Словом, работа предстояла «адова», и я бы за нее вряд ли взялась, если бы к просьбе Зелинского не присоединился замглавного нашего журнала Семен Александрович Ляндрес. До ареста, тюрьмы и каторги он был как-то связан с семьей Мейерхольда и даже, кажется, помогал дочери Есенина Татьяне Сергеевне прятать архив матери и отчима. Вернувшись, возобновил знакомство. Со Шнейдером Ляндрес тоже был слегка знаком, то ли еще в ту пору, когда работал в бухаринских «Известиях», то ли их жизненные пути пересеклись позднее, в каком-то пункте Архипелага ГУЛАГ. Короче, силою вещей вляпалась я в неволю, и на целый год (1964) Есенин стал главной темой наших разговоров как со Шнейдером, так и с Ляндресом. Время было относительно либеральное, а моим собеседникам давно уже нечего было ни терять, ни бояться. За последний хрущевский 1964-й и об убийстве Зинаиды Райх, и о есенинских американских и парижских скандалах, и, главное, о методах устранения неугодных Высшей Власти лиц, принятых в органах госбезопасности, я узнала столько, что сенсационная информация, хлынувшая в первые месяцы расширенной гласности, лишь уточнила детали. Фрунзе, Киров, Горький, Орджоникидзе, Куйбышев…
Имя Есенина в контексте убийственных слухов не возникало ни разу.

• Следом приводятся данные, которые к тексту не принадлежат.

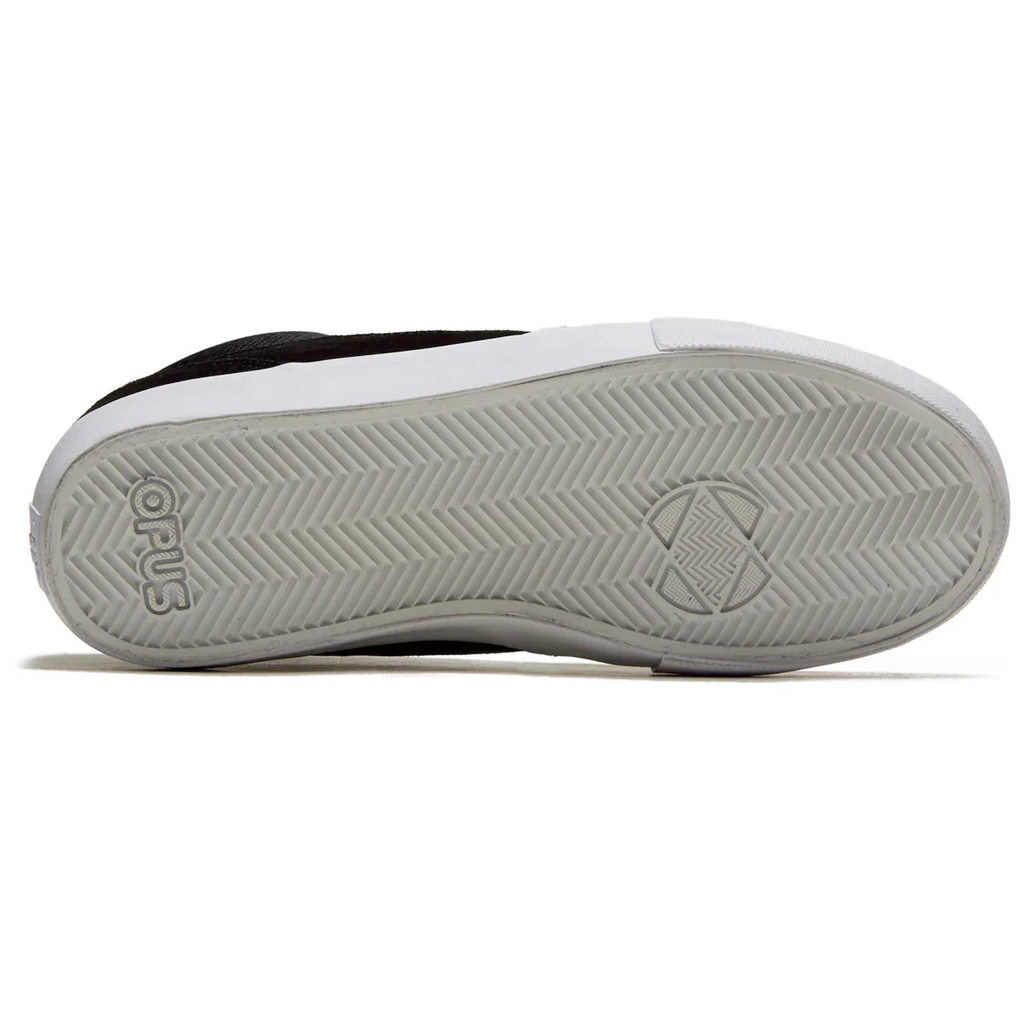 Opus Footwear: Standard Mid - Black / White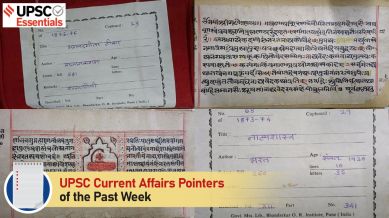 upsc, current affairs
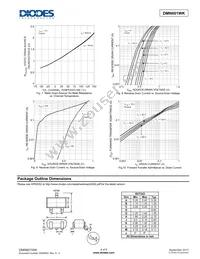 DMN601WK-7 Datasheet Page 4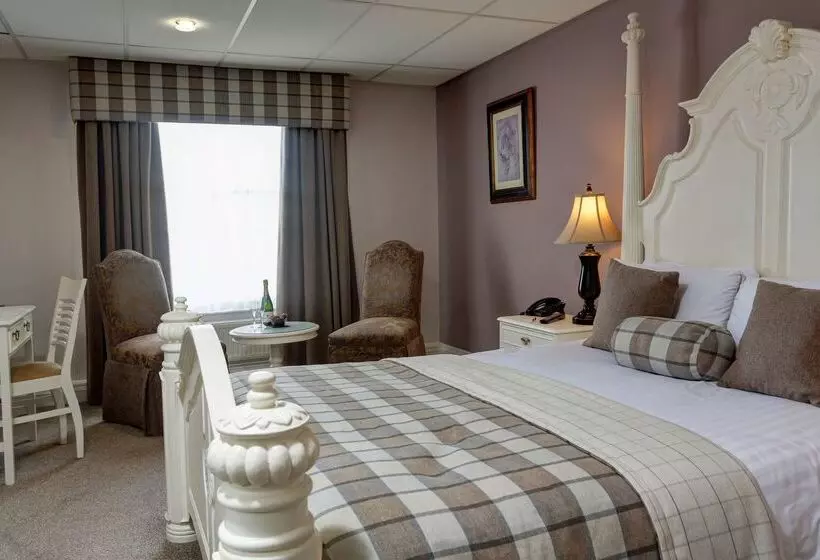 Отель Best Western Plus West Retford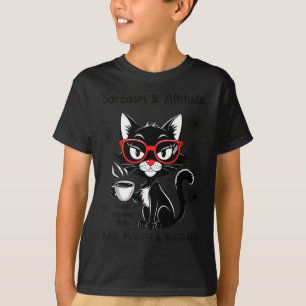 Camiseta Ditos Engraçados Sarcásticos e Indelicados Sarcasm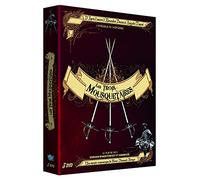 Les Trois mousquetaires [Francia] [DVD]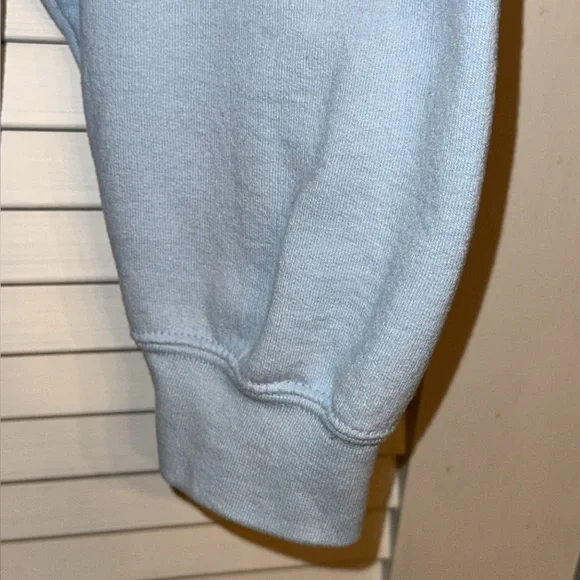 Melanie Martinez Hot Topic Blue Long Sleeve Sweatshirt ‘NO LUNCHBOX FRIENDS’ HTF - Picture 6 of 10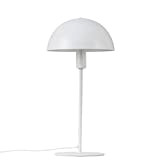 SLV ELLEN - Lampada da tavolo E14, IP20, colore: Bianco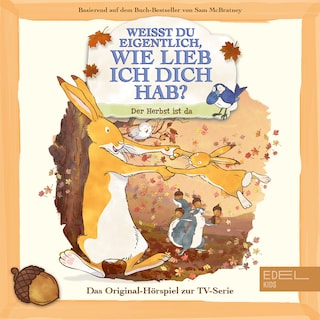 Der Herbst ist da (Das Original-Hörspiel zur TV-Serie) als Hörbuch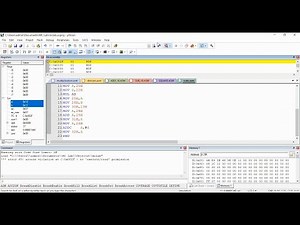 8051 Microcontroller Lab - Square and Cube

А дальше произошло следующее. «Советская Россия», по выходе сигнального экземпляра, вместо оговоренной суммы выписала какие-то гроши. Шнейдер был смущен и, пригласив в гости, вручил, в порядке компенсации, Дневник и Воспоминания Галины Бениславской (ныне широко распубликованные, а тогда хранившиеся под тройным запретом). Продемонстрировал (с гордостью) и легендарную кушетку, на которой любила, в позе мадам Рекамье, возлежать, утонув в шифонах, Айседора Дункан. Кушетка а-ля Рекамье была, видимо, не единственным сувениром, увезенным из знаменитого особняка на Пречистенке, но остальные, за время пребывания их нового владельца в краях отдаленных, исчезли. Вместе с машинописью, почти слепой и такой хрупкой, что и перелистывать боязно, И. И. Ш. подарил мне и «Встречи с Есениным» – я-то их прозевала . В те годы все связанное с Есениным разлеталось, не дойдя до прилавка. Дарственная гласила: «Дорогой Алле Максимовне в знак признательности и глубокого уважения. Не печальтесь, что от нашей с Вами работы остались одни клочки, увековеченные на обложке. Книга об Айседоре идет самостоятельно. 6/3 – 66. Москва».